Thanks for the link,i did not get the pin removel tool with mine but have the box and some instructions,yours looks a bit more swankier than mine.

bowie


----------



## spaceslug (Dec 3, 2011)

Thanks, it is nice but there's room for both versions I'm sure. There's also a pure digital/LCD version too called the Tati; here's mine:










Even comes with it's own plush potato. 

So how do you rate the Skytime? The Yes watches can be programmed for any location (they have a library of predefined cities too). Once set up you can get local sun/moon rise/set and solar noon. Also tells you next dates of full and new moon and marks the equinoxes, solstices and cross-quarters.
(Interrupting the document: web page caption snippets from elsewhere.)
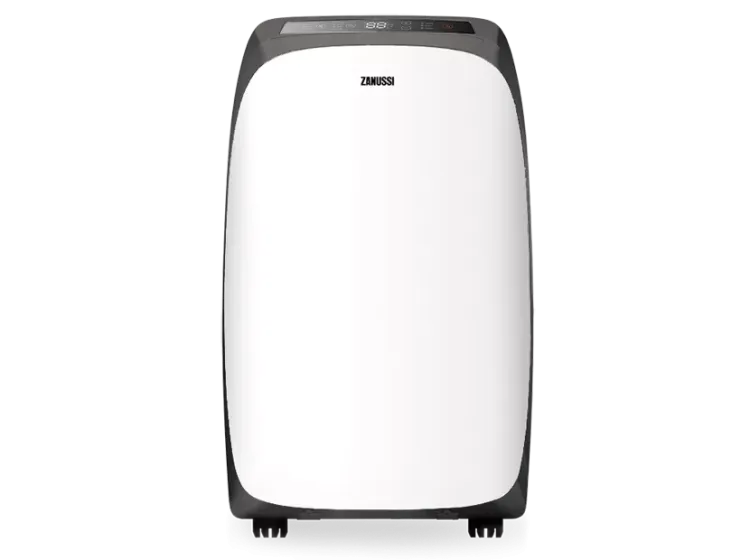 Кондиционер мобильный ZANUSSI ZACM-09 DV/N1 купить в Надыме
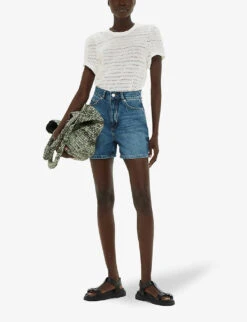 Whistlkes Style -Whistlkes Style R04191513 CREAM ALT01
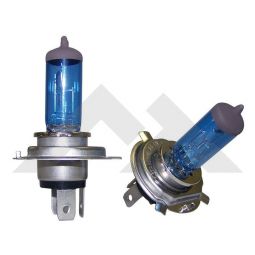 Super Halogen Bulb Set (Europe)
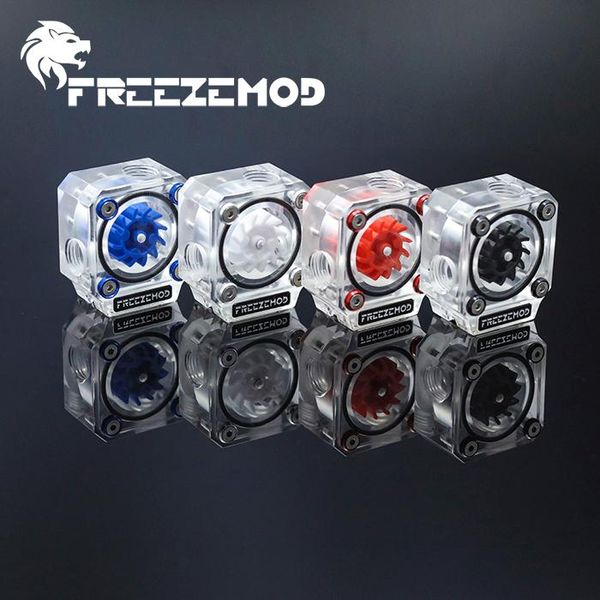 fans & coolings emod computer water cooling flow indicator 3 ways rgb aurora lighting effect. lsj-xgb
fans & coolings emod computer water cooling flow indicator 3 ways rgb aurora lighting effect. lsj-xgb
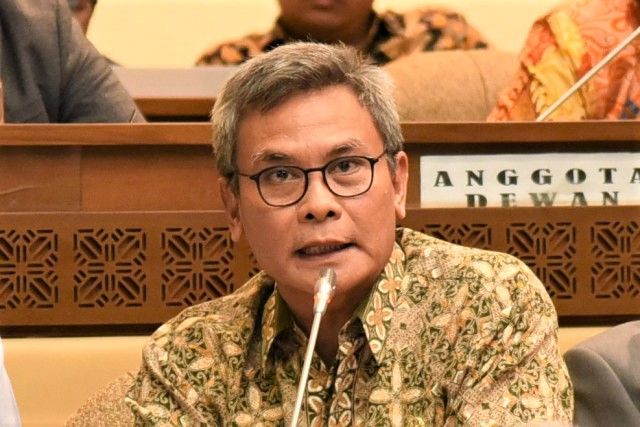 Johan Budi: Penegak Hukum Nakal Perlu Dipidanakan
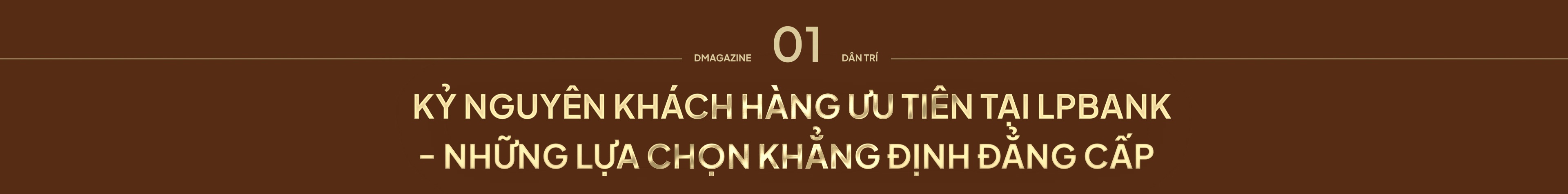 LPBank Visa Signature đồng hành cùng khách hàng trong hành trình sống trọn vẹn - 1 LPBank Visa Signature đồng hành cùng khách hàng trong hành trình sống trọn vẹn - 1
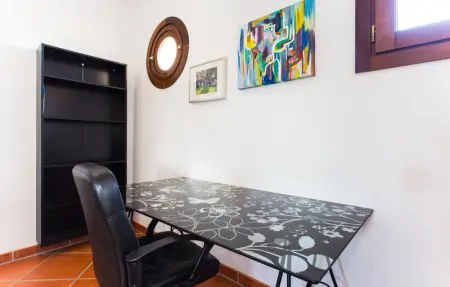 Turixant Dalt, Maison 10 personnes à Selva - Photo 23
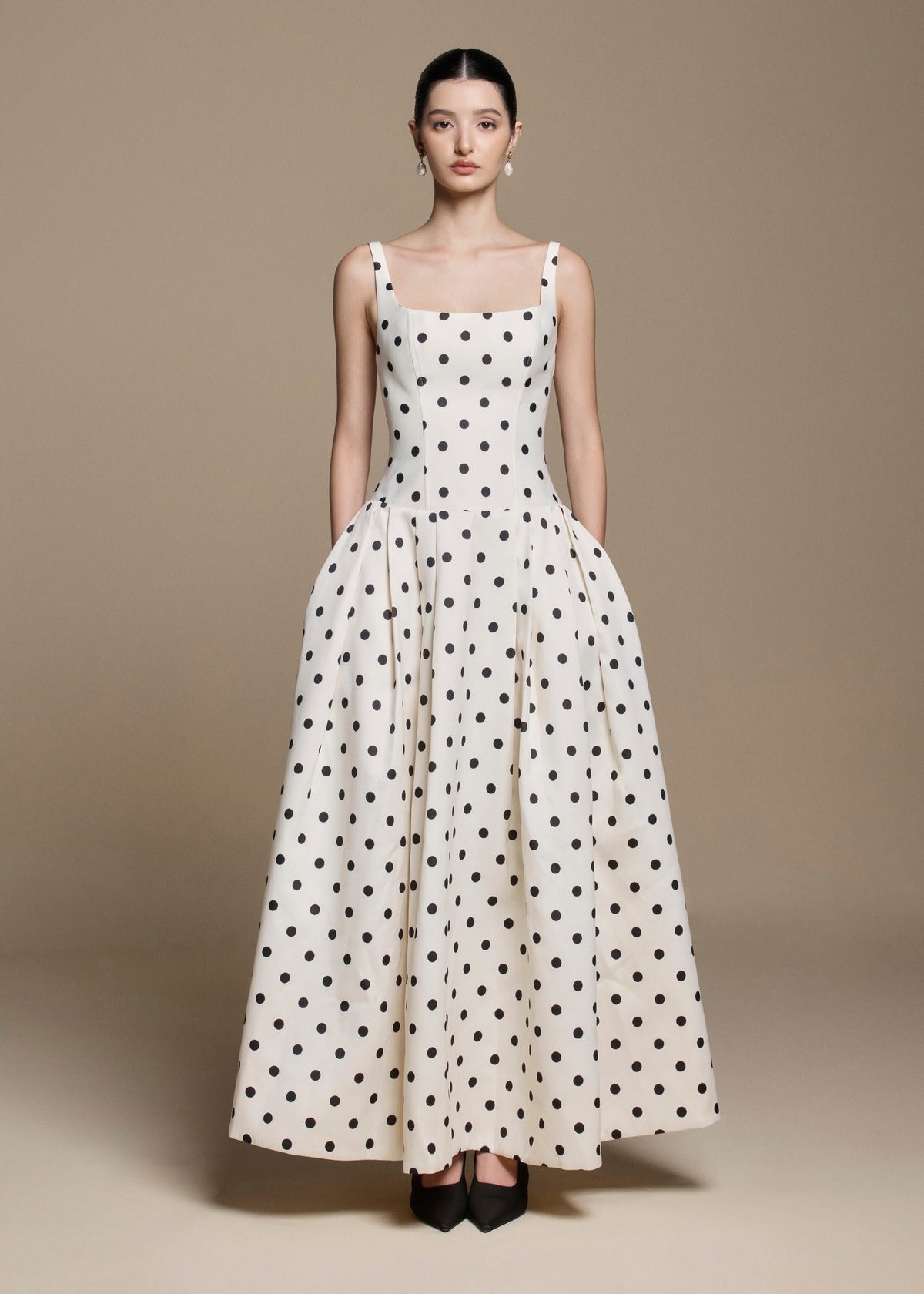 Leilani Dress by HUONG Boutique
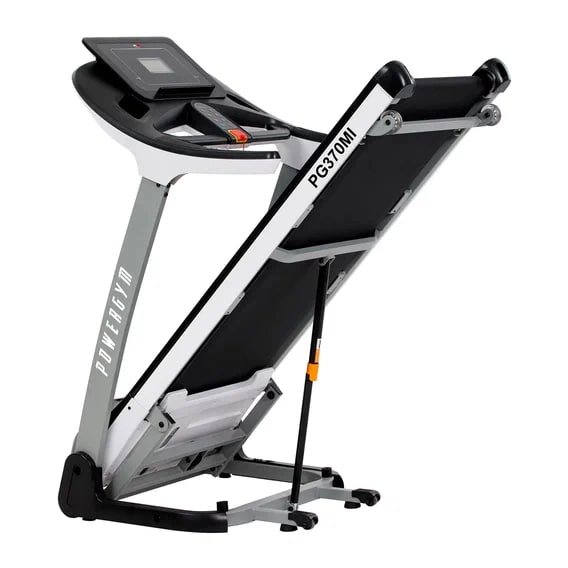 Беговая дорожка PowerGym PG-370 рассрочка
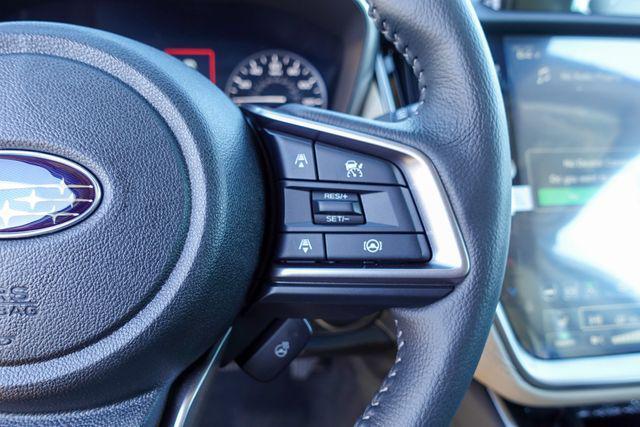 new 2025 Subaru Outback car, priced at $39,577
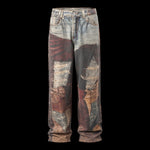Paired Pant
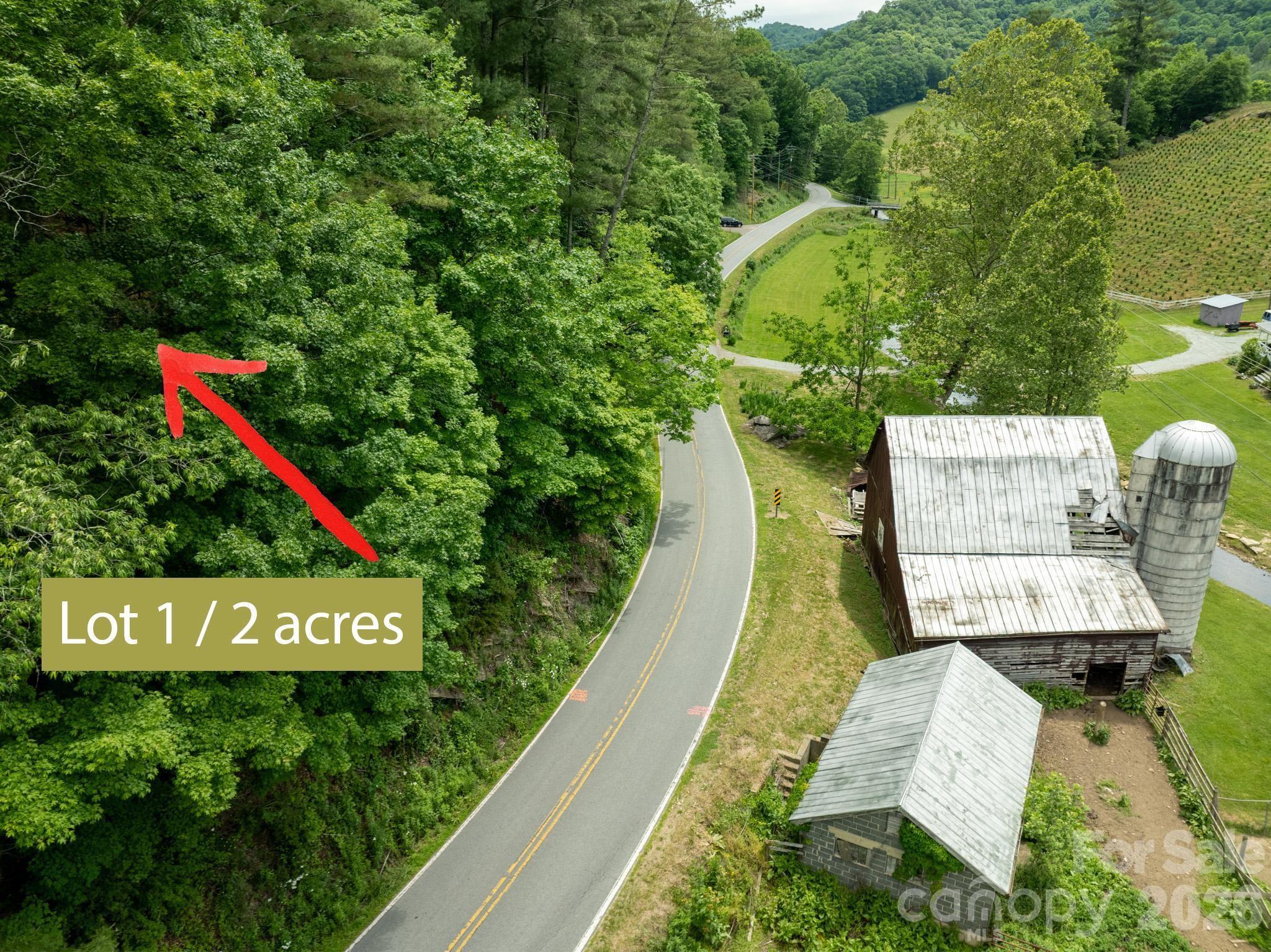 Tbd Tbd Sycamore Road Vilas, NC 28692 - Photo 11 of 38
Not quite the internet in a watch squareleg, but geeky and very cool. :nerd:


----------



## bowie (Mar 12, 2005)

spaceslug,the sky time does all sorts i do not understand it to tell you the truth :wallbash: i will have to put it up for trade.i have only worn it twice  .i think it can do just as much as your yes watch the inner ring goes yellow,the back light is not very bright.it can be programmed to do all sorts of stuff,like the sun /moon rise set.

bowie. ps i should realy read the instructions :sweatdrop: yea but no


----------